TÍTULO VII – SOBRE O DEVER DE CONFORMIDADE NO EXERCÍCIO DAS FUNÇÕES

Art. 15 – É dever do agente público da SEFAZ observar e aplicar as normas legais e regulamentares no exercício das suas funções.

§ 1º – A mera divergência de entendimentos ou de interpretação de normas envolvendo dois ou mais servidores, desde que não caracterizada má-fé de qualquer um dos dois lados, não configura, em princípio, ilícito disciplinar.

§ 2º – É vedado ao agente público da SEFAZ decidir sobre a legalidade ou constitucionalidade de norma, ou avaliar, por seus critérios pessoais, a conveniência de cumpri-la ou não.
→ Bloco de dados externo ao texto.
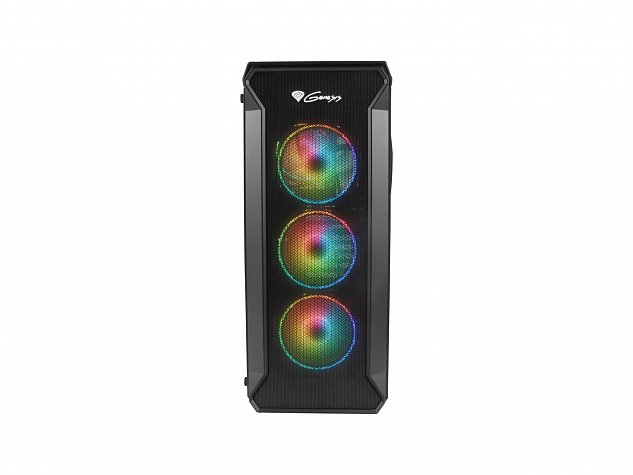 Počítačová skříň Genesis IRID 505 ARGB MIDI (USB 3.0), 4x 120mm ventilátory ARGB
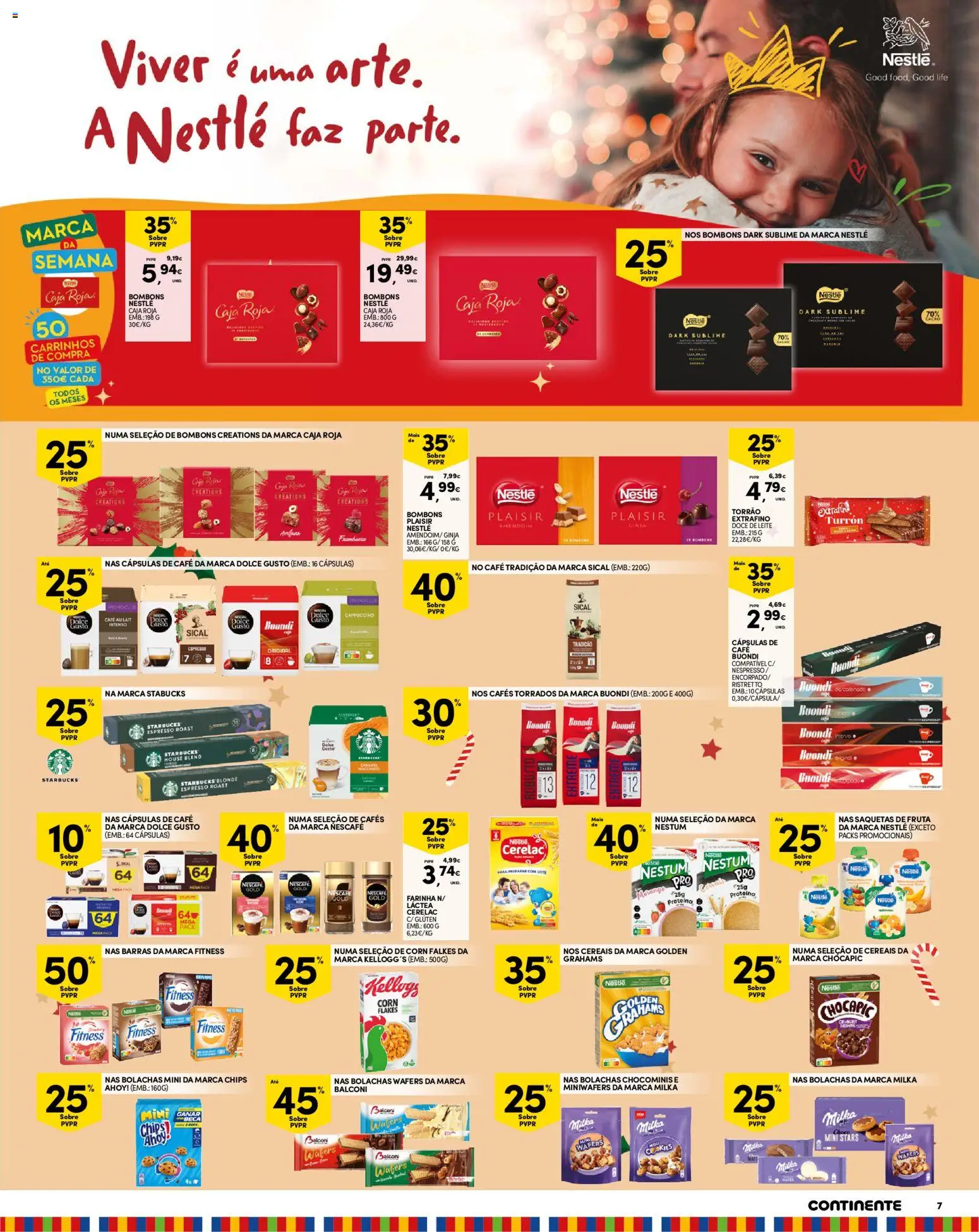 Continente - Madeira │ válido de 16.12.2025 | Página: 7 | Produtos: Milka bolachas, Chocolates, Cereais, Proteina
§ 3º – É dever do agente público da SEFAZ, no exercício da atividade de fiscalização, cumprir as normas, ainda que, em sua própria convicção, a considere ilegal, sem prejuízo de poder suscitar dúvida em procedimento a parte para declarar a sua ilegalidade, para excluí-la do ordenamento ou alterá-la.

§ 4º – Eventuais atos irregulares decorrentes do cumprimento de uma norma ilegal não poderão acarretar repercussão disciplinar para quem os cometeu cumprindo estritamente a norma, pois assim terá agido com atenção não só à legalidade, mas também à hierarquia.

§ 5° – Não poderá o agente público da SEFAZ alegar desconhecimento da norma para justificar sua inobservância.

§ 6º – É dever do agente público da SEFAZ realizar integralmente, a tempo e com zelo e dedicação, as suas atribuições previstas na legislação e as que, na forma da lei, lhe forem atribuídas pelos superiores hierárquicos.

§ 7º – É dever do agente público da SEFAZ não cumprir as ordens superiores quando manifestamente ilegais.